Neue Marktzugangslogik: Unternehmen müssen Digitalen Produktpass registrieren, um ihre Produkte auf dem EU-Markt in Verkehr zu bringen


The Digital Product Passport (DPP) has long been a political project — a framework, a roadmap full of open variables. But as of today, the timeline is clear: in just six months, on July 19, 2026, the European Commission will launch the official DPP Registry.



New Logic For Market Access


What sounds like a bureaucratic milestone is actually a fundamental shift in the system.

In exactly six months, there will be a central, operational registry for Digital Product Passports. Not a pilot. Not a whitepaper. Not a draft. A live infrastructure.


But the real disruption lies elsewhere. The official EU documentation makes it unmistakably clear:


Once the DPP exists and is registered in the DPP Registry, the product can be placed on the market.

This is more than a statement. It introduces a new logic for market access. Registration will no longer be a formality — it will be a precondition for placing products on the market within applicable categories. The registry makes one thing visible: Does a product have a valid DPP and where is it stored?


What this means in practice


  1. Product Passports Become Discoverable

    Every affected product will receive a unique identifier — such as a product ID — and through this ID, the registry can answer one essential question:


    “Yes, a Digital Product Passport exists for this product — and here’s where to find it.”

    Market surveillance authorities and customs can then check:


    • Whether a product has a DPP

    • Whether it’s valid

    • And whether it is authorized for distribution

  2. Product Passports Become Technically Verifiable


    The registry doesn’t validate the content of a DPP, but it checks formal structure, authenticity, and integrity, including:


    • Formal criteria: Does a DPP exist, and is it correctly structured?

    • Authenticity & integrity: Was it created by an authorized entity? Has it been tampered with?



What’s often misunderstood:The registry does not store the full content of the product passport.

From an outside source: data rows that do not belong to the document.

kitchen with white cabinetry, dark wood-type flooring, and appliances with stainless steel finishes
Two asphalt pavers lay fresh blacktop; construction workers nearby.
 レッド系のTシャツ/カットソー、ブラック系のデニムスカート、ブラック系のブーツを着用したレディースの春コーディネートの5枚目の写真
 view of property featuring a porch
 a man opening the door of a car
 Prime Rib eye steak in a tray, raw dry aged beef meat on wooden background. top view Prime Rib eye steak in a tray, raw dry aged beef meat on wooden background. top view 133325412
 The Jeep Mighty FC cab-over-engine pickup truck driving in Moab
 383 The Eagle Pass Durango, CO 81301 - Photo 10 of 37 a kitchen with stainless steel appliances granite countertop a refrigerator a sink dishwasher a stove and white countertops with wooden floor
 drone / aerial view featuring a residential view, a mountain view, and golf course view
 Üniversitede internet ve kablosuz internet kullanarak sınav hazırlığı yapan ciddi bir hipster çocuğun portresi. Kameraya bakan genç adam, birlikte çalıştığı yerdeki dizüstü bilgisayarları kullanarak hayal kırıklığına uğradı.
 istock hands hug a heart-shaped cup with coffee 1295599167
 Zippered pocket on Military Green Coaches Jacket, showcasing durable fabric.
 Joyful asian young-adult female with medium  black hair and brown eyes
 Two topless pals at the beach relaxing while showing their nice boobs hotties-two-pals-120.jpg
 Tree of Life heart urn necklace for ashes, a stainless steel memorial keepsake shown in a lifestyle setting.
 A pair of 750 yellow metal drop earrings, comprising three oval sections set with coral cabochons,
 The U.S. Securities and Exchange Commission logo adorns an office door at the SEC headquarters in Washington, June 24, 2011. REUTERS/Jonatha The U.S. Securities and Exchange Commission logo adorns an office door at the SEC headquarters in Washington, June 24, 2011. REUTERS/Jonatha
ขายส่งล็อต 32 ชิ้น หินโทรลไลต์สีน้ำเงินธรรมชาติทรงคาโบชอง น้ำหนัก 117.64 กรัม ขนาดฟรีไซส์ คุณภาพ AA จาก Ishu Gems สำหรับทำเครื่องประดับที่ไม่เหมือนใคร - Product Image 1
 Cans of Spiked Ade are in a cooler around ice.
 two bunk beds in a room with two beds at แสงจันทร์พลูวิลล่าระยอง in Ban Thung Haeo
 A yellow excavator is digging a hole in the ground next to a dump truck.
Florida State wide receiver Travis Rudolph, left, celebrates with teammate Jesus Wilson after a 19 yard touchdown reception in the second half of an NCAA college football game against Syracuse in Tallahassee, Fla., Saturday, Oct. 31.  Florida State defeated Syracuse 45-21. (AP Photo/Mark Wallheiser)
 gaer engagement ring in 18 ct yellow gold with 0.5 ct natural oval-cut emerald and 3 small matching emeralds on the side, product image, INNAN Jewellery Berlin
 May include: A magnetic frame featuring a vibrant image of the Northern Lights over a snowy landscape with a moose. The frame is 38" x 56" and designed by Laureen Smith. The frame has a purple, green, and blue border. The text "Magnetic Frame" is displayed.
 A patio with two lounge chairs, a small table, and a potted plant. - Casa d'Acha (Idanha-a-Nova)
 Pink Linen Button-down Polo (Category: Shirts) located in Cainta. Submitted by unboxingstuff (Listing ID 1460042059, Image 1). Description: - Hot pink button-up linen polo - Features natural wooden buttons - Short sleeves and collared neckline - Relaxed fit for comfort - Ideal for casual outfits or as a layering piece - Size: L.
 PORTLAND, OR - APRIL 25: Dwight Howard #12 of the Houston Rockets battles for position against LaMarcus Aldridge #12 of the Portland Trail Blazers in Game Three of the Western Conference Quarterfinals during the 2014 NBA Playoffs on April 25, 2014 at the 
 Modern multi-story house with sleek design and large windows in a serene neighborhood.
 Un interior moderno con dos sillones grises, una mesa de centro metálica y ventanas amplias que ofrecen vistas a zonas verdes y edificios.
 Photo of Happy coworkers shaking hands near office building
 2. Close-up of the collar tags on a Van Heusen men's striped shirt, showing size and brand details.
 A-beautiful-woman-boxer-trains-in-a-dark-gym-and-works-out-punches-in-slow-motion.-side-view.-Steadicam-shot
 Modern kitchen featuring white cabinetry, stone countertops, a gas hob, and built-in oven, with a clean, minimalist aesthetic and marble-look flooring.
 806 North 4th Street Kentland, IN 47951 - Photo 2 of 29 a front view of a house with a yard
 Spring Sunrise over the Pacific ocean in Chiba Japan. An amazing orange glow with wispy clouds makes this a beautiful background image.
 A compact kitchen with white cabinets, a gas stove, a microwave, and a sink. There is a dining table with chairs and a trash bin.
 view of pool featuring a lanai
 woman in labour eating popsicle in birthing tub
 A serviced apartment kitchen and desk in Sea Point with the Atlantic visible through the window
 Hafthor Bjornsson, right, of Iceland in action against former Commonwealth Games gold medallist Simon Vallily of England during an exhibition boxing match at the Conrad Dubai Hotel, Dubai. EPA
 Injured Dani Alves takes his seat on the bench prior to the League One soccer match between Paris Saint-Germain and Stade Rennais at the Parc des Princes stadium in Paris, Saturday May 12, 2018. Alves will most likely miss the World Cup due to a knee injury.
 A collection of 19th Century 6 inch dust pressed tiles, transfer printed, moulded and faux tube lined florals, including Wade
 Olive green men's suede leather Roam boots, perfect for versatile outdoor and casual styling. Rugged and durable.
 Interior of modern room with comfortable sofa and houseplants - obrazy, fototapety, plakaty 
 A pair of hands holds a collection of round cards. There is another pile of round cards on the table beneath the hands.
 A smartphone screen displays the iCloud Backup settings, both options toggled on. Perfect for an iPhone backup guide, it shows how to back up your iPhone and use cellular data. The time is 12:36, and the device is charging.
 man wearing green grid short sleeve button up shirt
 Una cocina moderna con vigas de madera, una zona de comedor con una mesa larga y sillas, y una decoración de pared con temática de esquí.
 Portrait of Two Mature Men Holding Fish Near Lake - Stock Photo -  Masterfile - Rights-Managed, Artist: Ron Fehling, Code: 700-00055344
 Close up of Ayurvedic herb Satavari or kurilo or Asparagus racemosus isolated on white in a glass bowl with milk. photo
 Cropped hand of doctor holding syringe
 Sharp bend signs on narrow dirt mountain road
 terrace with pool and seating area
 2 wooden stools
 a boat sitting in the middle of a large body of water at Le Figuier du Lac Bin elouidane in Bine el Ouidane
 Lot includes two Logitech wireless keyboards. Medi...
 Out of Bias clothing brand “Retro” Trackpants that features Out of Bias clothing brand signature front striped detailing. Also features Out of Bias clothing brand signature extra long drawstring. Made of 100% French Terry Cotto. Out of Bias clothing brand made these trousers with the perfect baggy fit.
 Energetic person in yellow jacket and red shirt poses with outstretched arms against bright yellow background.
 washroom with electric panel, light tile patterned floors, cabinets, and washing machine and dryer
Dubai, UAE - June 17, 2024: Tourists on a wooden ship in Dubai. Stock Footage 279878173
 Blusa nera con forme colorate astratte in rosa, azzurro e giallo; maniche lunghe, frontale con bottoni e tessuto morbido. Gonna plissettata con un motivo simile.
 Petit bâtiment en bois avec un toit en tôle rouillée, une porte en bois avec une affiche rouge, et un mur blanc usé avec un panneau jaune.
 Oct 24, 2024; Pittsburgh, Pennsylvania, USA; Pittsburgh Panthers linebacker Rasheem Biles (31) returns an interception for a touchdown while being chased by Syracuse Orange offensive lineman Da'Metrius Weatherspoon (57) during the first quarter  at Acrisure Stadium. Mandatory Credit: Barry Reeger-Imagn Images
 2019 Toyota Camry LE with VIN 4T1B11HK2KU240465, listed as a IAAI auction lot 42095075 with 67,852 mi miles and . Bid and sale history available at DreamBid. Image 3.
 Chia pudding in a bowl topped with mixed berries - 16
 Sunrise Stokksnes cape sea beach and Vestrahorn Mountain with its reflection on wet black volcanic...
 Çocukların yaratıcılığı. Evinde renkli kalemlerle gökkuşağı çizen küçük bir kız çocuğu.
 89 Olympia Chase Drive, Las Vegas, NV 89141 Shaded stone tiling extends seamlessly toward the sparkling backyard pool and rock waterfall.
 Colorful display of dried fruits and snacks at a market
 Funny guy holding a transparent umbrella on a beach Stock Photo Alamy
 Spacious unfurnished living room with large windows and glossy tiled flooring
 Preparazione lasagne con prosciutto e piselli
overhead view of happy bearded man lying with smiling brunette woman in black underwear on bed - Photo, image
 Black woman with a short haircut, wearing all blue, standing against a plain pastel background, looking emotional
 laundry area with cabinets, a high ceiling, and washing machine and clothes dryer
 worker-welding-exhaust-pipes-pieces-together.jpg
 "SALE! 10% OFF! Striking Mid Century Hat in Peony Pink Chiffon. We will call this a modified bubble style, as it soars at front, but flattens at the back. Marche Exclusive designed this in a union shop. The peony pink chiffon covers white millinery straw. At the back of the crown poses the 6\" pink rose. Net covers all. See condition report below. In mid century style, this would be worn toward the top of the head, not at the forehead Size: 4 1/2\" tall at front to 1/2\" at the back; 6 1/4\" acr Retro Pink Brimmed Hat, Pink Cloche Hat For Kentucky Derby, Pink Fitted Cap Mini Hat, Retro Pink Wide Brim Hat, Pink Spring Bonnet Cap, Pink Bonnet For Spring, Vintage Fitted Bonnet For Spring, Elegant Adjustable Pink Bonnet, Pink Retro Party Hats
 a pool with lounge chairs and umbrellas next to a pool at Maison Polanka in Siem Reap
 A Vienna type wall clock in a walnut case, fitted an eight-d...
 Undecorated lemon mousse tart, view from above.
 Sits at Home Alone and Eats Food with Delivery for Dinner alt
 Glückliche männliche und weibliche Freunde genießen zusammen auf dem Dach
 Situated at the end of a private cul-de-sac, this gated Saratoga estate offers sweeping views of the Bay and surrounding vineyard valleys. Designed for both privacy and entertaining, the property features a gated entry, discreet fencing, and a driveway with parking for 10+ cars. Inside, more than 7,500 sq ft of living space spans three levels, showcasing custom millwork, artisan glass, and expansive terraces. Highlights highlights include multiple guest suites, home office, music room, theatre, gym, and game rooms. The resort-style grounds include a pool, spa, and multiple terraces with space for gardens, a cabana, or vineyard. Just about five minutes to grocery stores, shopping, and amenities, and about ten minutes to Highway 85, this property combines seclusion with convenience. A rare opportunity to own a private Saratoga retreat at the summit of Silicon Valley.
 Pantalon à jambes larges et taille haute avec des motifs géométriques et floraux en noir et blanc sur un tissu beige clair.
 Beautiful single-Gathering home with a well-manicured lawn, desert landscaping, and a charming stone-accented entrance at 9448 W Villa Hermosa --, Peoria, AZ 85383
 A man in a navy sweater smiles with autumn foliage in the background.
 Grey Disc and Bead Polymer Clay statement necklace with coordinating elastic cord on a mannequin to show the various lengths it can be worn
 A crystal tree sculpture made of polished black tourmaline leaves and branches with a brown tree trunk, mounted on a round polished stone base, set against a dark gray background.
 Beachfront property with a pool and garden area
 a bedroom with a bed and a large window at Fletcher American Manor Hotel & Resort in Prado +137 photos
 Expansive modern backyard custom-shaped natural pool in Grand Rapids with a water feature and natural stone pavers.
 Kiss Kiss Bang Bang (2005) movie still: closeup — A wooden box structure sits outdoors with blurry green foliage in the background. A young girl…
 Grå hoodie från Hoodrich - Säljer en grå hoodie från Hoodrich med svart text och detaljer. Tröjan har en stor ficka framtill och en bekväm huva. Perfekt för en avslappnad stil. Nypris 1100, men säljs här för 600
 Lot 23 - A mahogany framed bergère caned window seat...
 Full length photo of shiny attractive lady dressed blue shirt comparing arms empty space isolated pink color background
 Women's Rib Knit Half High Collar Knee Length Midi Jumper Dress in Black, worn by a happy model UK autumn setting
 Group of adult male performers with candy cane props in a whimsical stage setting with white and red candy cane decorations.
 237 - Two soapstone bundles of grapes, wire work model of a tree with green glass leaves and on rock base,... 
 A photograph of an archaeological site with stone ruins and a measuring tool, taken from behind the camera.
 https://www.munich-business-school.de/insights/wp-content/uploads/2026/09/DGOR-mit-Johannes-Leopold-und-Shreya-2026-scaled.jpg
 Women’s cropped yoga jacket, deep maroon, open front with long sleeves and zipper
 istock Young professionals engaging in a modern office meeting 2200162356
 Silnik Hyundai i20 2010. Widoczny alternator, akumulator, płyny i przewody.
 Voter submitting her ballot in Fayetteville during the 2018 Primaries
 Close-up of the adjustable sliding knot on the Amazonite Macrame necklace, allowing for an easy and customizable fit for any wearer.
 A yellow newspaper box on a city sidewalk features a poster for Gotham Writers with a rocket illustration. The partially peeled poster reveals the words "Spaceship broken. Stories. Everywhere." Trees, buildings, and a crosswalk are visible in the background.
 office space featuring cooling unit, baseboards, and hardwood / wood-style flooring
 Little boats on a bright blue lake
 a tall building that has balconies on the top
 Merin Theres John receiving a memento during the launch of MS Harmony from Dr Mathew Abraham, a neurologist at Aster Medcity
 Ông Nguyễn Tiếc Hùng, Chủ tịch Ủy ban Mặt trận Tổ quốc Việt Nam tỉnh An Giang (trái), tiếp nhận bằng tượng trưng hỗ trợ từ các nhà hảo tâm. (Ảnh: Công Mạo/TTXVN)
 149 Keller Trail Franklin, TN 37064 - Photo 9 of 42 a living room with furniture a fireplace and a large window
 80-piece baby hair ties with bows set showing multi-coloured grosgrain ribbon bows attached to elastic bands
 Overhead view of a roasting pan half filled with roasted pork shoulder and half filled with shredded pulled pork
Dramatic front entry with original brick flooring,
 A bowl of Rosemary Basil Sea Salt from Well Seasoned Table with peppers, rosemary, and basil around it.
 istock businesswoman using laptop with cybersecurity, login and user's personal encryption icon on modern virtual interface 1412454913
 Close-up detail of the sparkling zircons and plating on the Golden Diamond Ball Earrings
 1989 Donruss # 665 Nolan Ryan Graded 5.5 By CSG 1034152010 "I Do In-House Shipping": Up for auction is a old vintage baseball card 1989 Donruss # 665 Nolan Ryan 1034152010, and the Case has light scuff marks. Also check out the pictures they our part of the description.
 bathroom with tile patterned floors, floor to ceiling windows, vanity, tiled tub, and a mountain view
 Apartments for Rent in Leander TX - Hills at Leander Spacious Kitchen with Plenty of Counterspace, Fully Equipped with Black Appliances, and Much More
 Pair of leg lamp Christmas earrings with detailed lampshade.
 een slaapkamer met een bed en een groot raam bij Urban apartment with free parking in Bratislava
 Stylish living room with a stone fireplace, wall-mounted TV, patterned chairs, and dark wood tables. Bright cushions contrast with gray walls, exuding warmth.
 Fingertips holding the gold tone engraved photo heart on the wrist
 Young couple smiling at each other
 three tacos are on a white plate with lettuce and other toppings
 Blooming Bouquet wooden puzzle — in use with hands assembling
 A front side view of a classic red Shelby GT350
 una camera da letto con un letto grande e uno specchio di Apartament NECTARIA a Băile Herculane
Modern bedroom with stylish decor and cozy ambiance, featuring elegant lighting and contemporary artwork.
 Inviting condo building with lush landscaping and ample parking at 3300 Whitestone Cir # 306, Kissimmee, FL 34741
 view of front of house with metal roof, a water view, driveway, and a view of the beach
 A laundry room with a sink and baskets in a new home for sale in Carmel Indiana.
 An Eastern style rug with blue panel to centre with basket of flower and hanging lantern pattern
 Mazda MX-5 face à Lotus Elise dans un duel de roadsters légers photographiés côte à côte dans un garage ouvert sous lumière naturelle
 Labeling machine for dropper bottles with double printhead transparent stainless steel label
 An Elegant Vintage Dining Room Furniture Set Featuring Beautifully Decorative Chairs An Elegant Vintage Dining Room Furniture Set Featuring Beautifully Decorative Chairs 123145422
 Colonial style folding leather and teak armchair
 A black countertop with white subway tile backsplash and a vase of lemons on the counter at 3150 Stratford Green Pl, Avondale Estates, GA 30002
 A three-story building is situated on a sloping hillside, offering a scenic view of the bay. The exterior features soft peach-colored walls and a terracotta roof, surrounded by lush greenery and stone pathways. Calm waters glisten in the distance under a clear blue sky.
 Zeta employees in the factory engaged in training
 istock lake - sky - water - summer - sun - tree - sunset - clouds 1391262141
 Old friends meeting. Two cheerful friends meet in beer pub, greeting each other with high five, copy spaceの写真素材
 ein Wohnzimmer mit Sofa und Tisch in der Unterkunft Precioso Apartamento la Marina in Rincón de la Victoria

The DPP itself may be stored:


  • with the manufacturer

  • via a third-party service provider

  • or within a decentralized infrastructure



From Promises to Proof: What Changes in July 2026


Starting with the registry go-live, it’s no longer about what companies say —it’s about what their systems can prove.


Sustainability will finally move beyond declarations.


As of July 2026, the DPP stops being a concept and becomes a system. And systems don’t care about intentions. They either work — or they exclude.



The Shift Companies Must Prepare For


For companies, this means that the leeway they previously had to explain, report, or narrate sustainability is shrinking dramatically. It is no longer enough to say that you are preparing. From this point on, it will become clear whether products can be registered at all. Whether data is available consistently. Whether responsibilities have been clarified.


The real wake-up call is not a new obligation, but the commissioning of the infrastructure. From July 2026, it will no longer be promises that count, but infrastructure capability. And infrastructure capability means much more than just an existing data set: it includes role-based access along the value chain, interoperable data and identification standards, and the ability to keep product information up to date throughout the entire life cycle.